EXERCISE REQUIREMENTS
With the pictures left out, please return exactly the line holding "Lợi Ích Của" and each following line until the entries end.

GIVEN ENTRIES
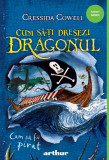Cum să-ți dresezi dragonul #2. Cum să fii pirat - Cressida Cowell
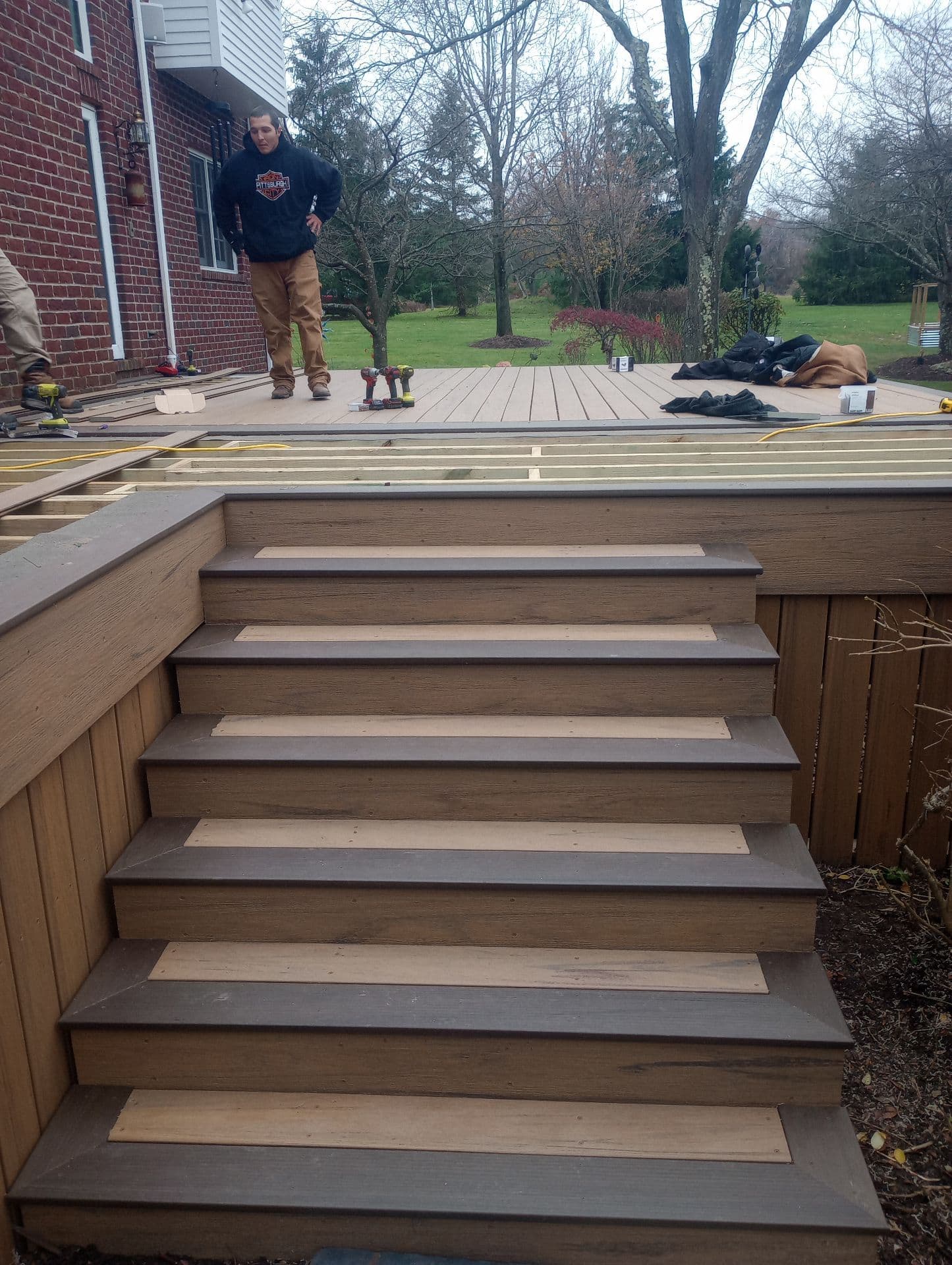 Gallery photos for Timbertech Deck and Lighting Project: Image #2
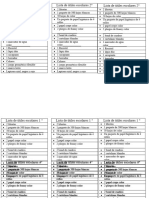 Lista de Útiles Escolares Amado Nervo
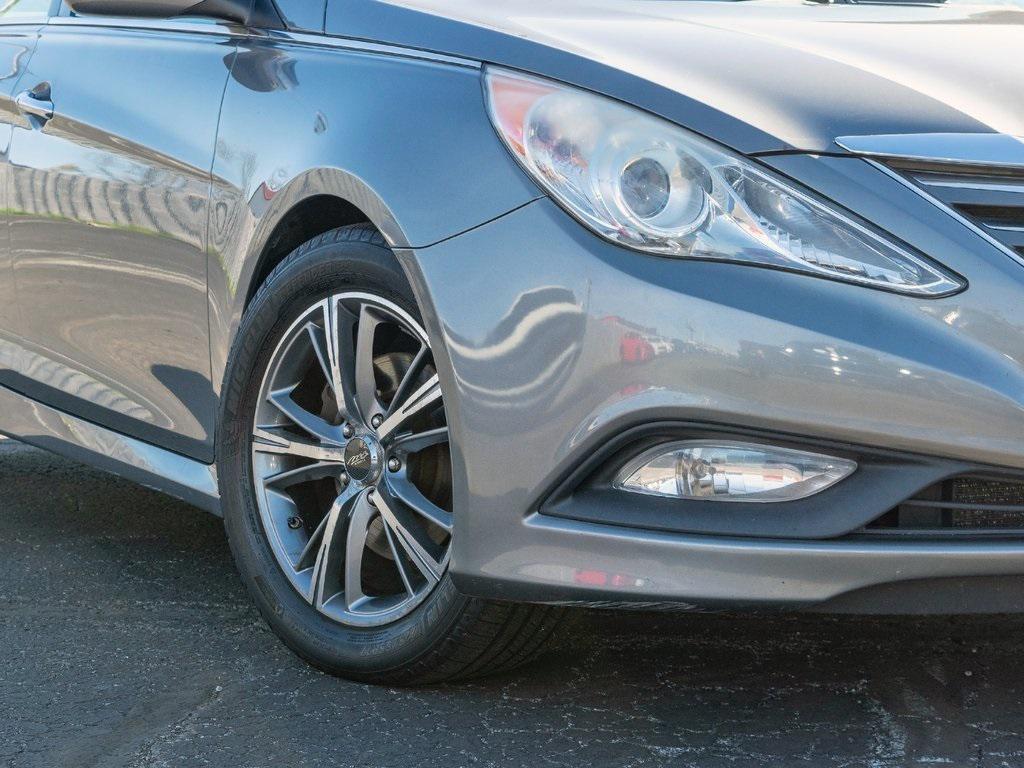 used 2014 Hyundai Sonata car, priced at $5,764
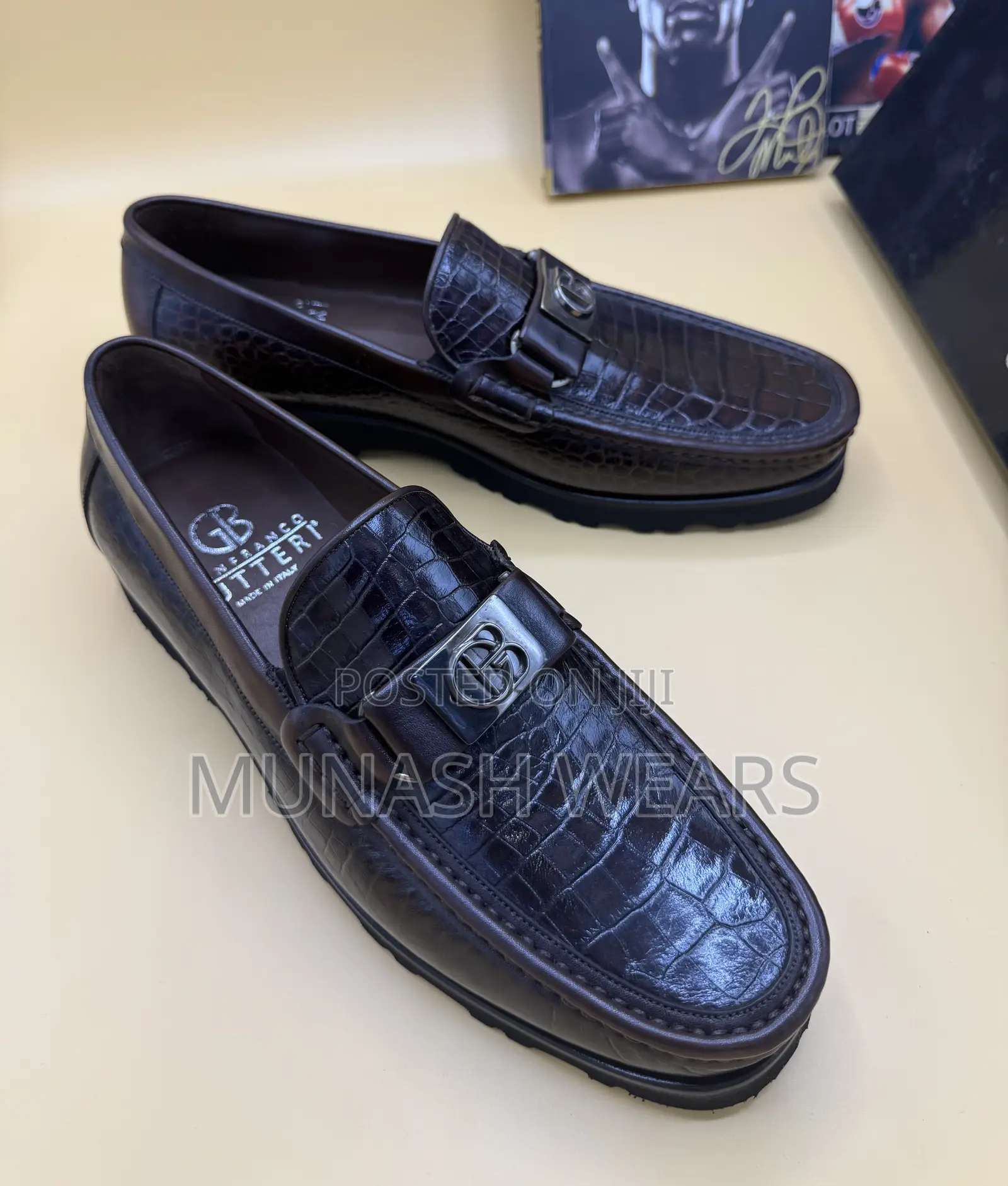 Pure Italian Butterri Luxury Shoe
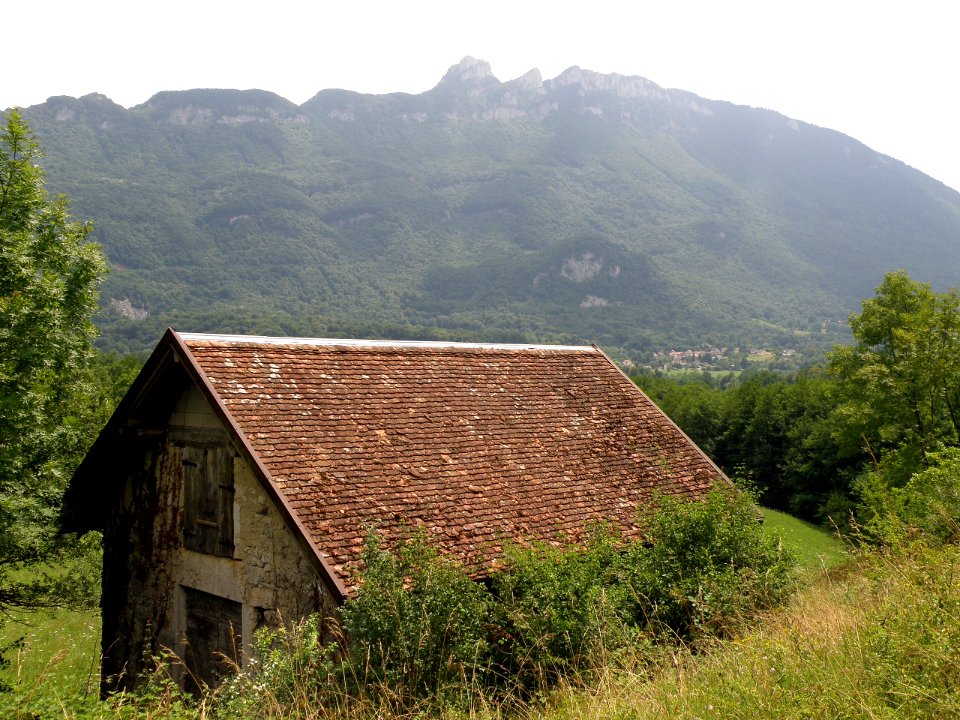 Saint-Jean-de-Chevelu Dent du Chat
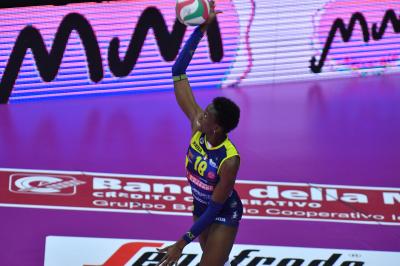 TREVISO 16 02 2020 LEGAVOLLEY CAMPIONATO 2019-2020 PROSECCO DOC IMOCO - IGOR GORGONZOLA NOVARA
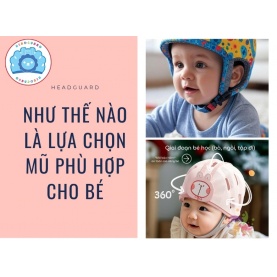 Lợi Ích Của Mũ Bảo Vệ Đầu Cho Bé Trong Giai Đoạn Tập Đi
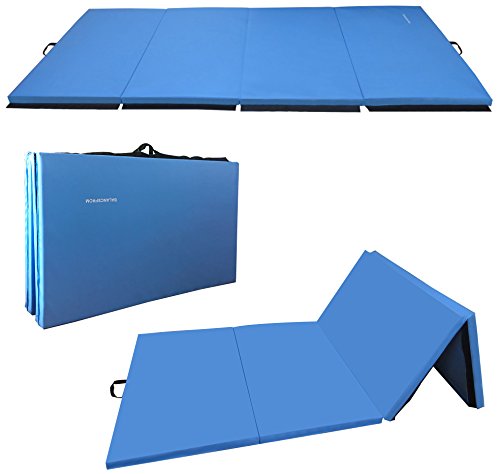 BalanceFrom GoGym All-Purpose 4'x10'x2" High Density Gymnastics Mat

EXERCISE OUTPUT
 Lợi Ích Của Mũ Bảo Vệ Đầu Cho Bé Trong Giai Đoạn Tập Đi
 BalanceFrom GoGym All-Purpose 4'x10'x2" High Density Gymnastics Mat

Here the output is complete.